* Problem requirements *
Here, set down only the lines between the line that contains "Hovedbilde CRIO TROUSERS Black" and the final line of the material, both included, exactly as written. Skip the pictures.

+===+

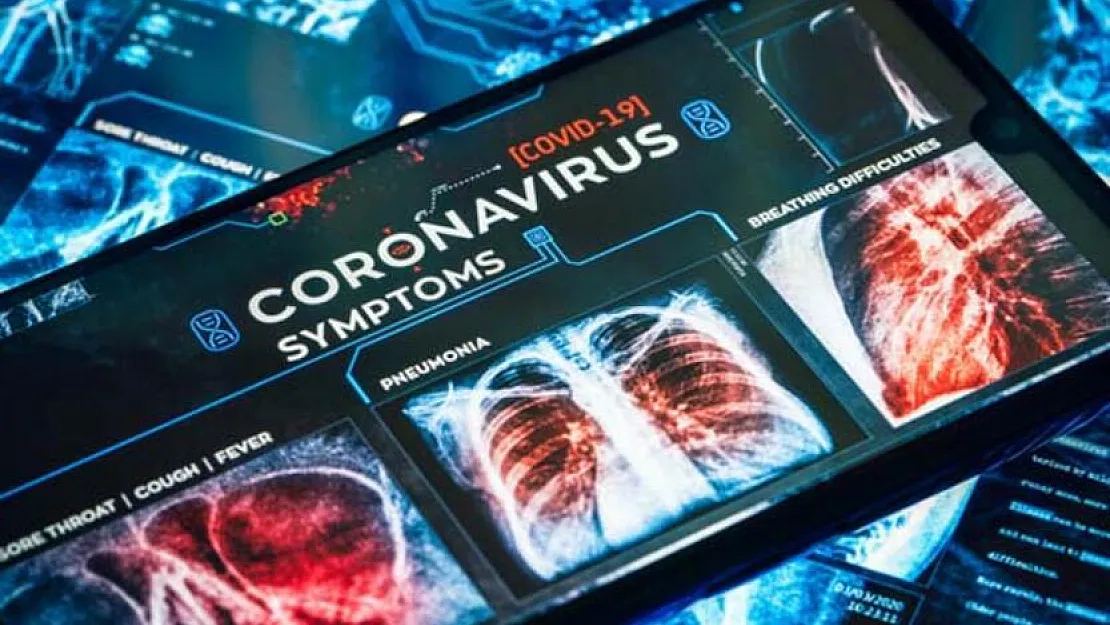 Koronavirüs Patlak Verdi: Vakalar Hızla Yükseliyor! Yeni Varyanta Karşı 4 Önemli Tavsiye Verildi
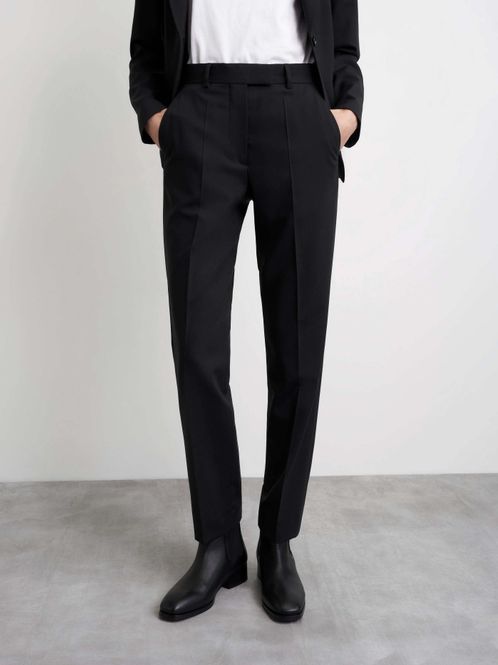 Hovedbilde CRIO TROUSERS Black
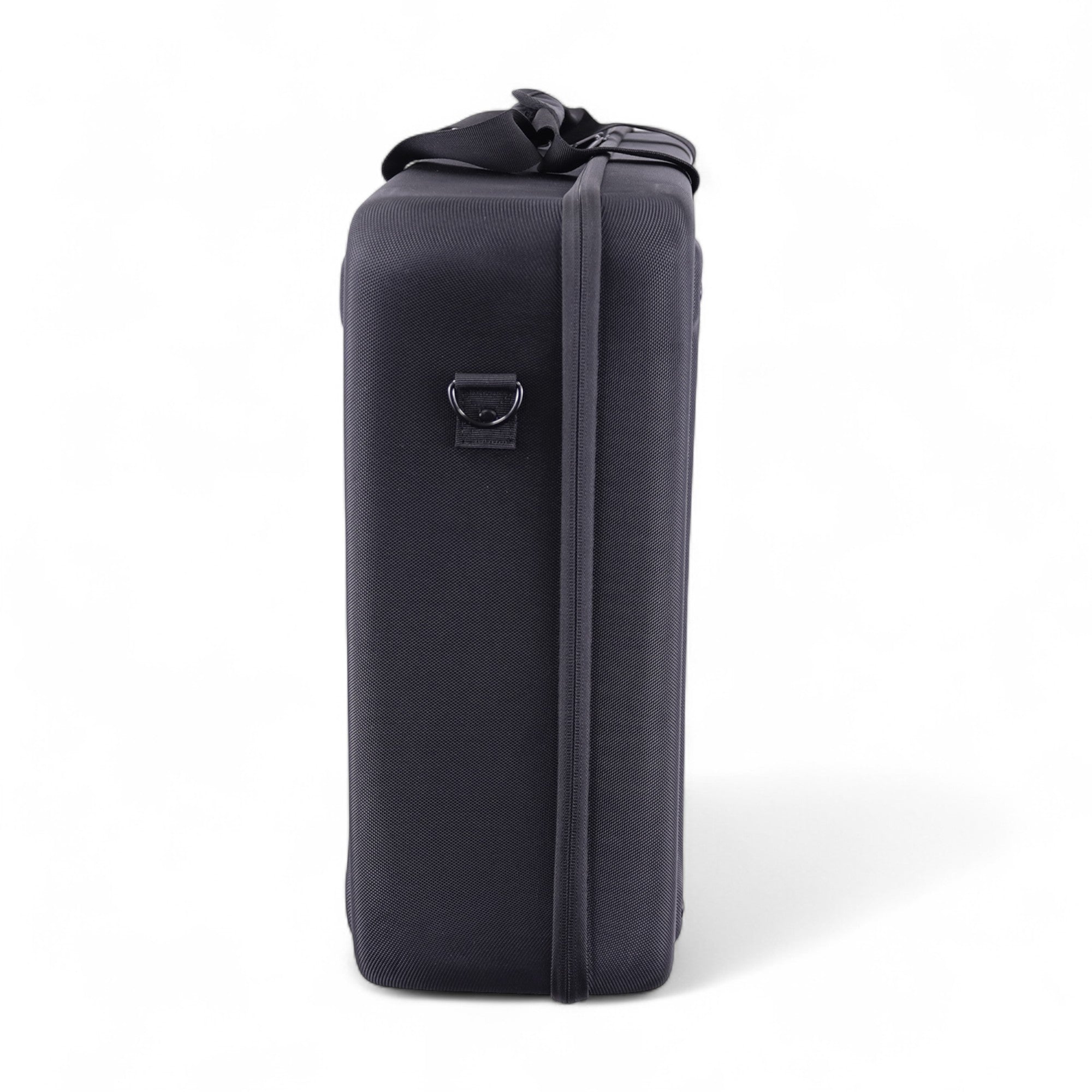 Protekt Bag for Alpha Theta DDJ-GRV6 with Internal Pockets BGRV6IP DJ Hard Carry Bag for Pioneer DJ Controller, Pockets for Laptop, Headphones, Cables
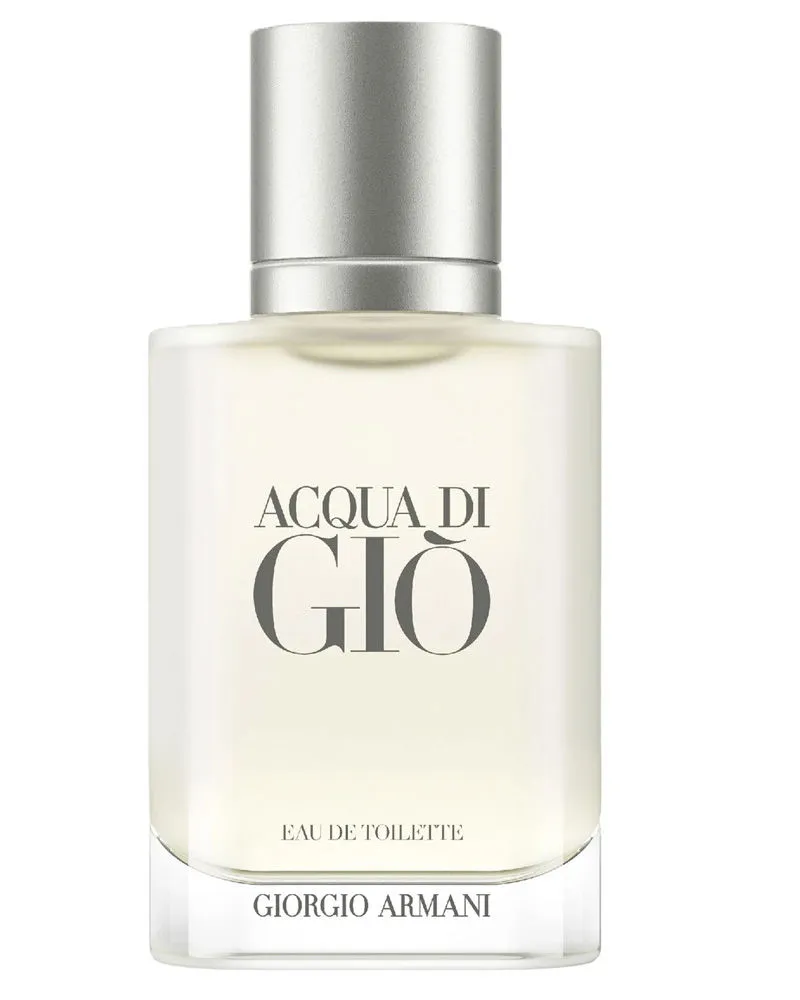Giorgio Armani Acqua Di Gio EDT Refillable 200 ml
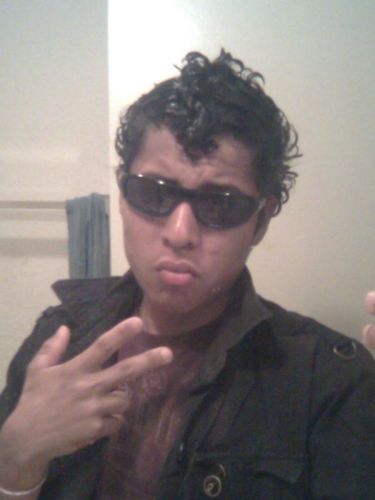 Moises Aguilar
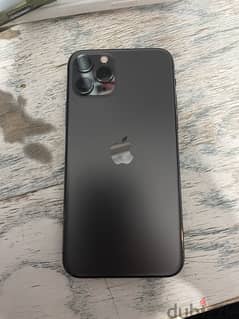 iPhone 11 pro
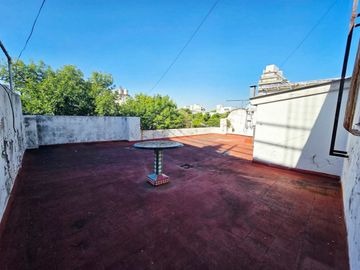 VENTA OFICINAS EN BLOQUE AMOBLADO TERRAZA DEVOTO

+===+

* Answer below *
 Hovedbilde CRIO TROUSERS Black
 Protekt Bag for Alpha Theta DDJ-GRV6 with Internal Pockets BGRV6IP DJ Hard Carry Bag for Pioneer DJ Controller, Pockets for Laptop, Headphones, Cables
Giorgio Armani Acqua Di Gio EDT Refillable 200 ml
 Moises Aguilar
 iPhone 11 pro
 VENTA OFICINAS EN BLOQUE AMOBLADO TERRAZA DEVOTO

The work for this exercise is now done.